The Submission on Enforcement Matters process remains one of the most accessible international environmental processes that exist today. NAFTA renegotiation should envision improvements to the environmental provisions already which are likely to be included. For example, it might be desirable to constrain the Council's powers not to authorize preparation of factual records and publication of them by requiring a negative consensus, in which all three Ministers must decide together. Ensuring that factual records are prepared and made public unless there is a negative consensus of the Council would make more valuable information about the North American environment publicly available, as well as encouraging more positive environmental action by each state.

Hugh Benavides, the former legal officer at the Commission for Environmental Cooperation also offers a series of recommendations on how to improve the process:

A new process should provide for complaints, not only about enforcement but about backsliding as well, to be filed with a body that is at arm's length from governments and staffed by competent experts. Other recommended improvements include allowing a factual record to proceed when just one party to the agreement, rather than a majority, recommends it (this is a feature of the US-Central America and US-Dominican Republic trade agreements, for example), and allowing the expert body to draw conclusions and make recommendations, rather than limiting its reports to facts.
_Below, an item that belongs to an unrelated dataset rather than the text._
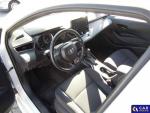 Toyota Corolla 1.8 Hybrid MR`19 E6 Aukcja 293920 - grafika 15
It is possible that these types of recommendations could still make their way into an updated chapter on the investor-state dispute settlement provisions, found in NAFTA’s Chapter 11. Chapter 11 remains one of the more controversial aspects of NAFTA, as it allows companies to sue NAFTA’s parties for unfair treatment, which the U.S. tends to view as infringing on its sovereignty. Its terms were watered down in the U.S.’ bilateral agreement with Mexico, struck last month. Even in the scenario that Canadian Foreign Affairs Minister Chrystia Freeland does succeed in retaining investor-state dispute, trade specialists are doubtful that even these updated provisions would be effective, given today’s political climate. Dan Ciuriak, a Fellow-in-Residence with the C.D. Howe Institute writes that Canada’s progressive trade agenda, conceived to counter the rise of anti-globalization populism:

A not insignificant problem in transposing such measures into the NAFTA is the Trump Administration’s overt hostility to the US Environmental Protection Agency (EPA) and its past policies. While the administration has been constrained by Congress in implementing radical cuts to the EPA budget (Meyer 2018), it would be an open sham to sign onto NAFTA measures that purport to prevent use of weak or non-enforced environmental standards for trade advantage while the Trump Administration tables budget proposals that would have just that effect.

As for enforceability:

In the NAFTA negotiation, Canada’s PTA faces what can only be described as hurricane-level headwinds. Raising the status of the existing side agreements on labour and the environment by including them in the main text of a revised NAFTA and making them enforceable through trade sanctions would be consistent with what the NAFTA parties agreed to in the original TPP. However, these measures would have little, if any, practical impact on Canada in terms of addressing the distributional and labour market concerns that motivate the PTA, as they would not affect either Canadian or American laws or regulations, nor materially change wage differentials between Canada and Mexico.  Moreover it would be problematic for Canada to sign an agreement purporting to be progressive in these areas with an American administration that does not obviously identify with these views.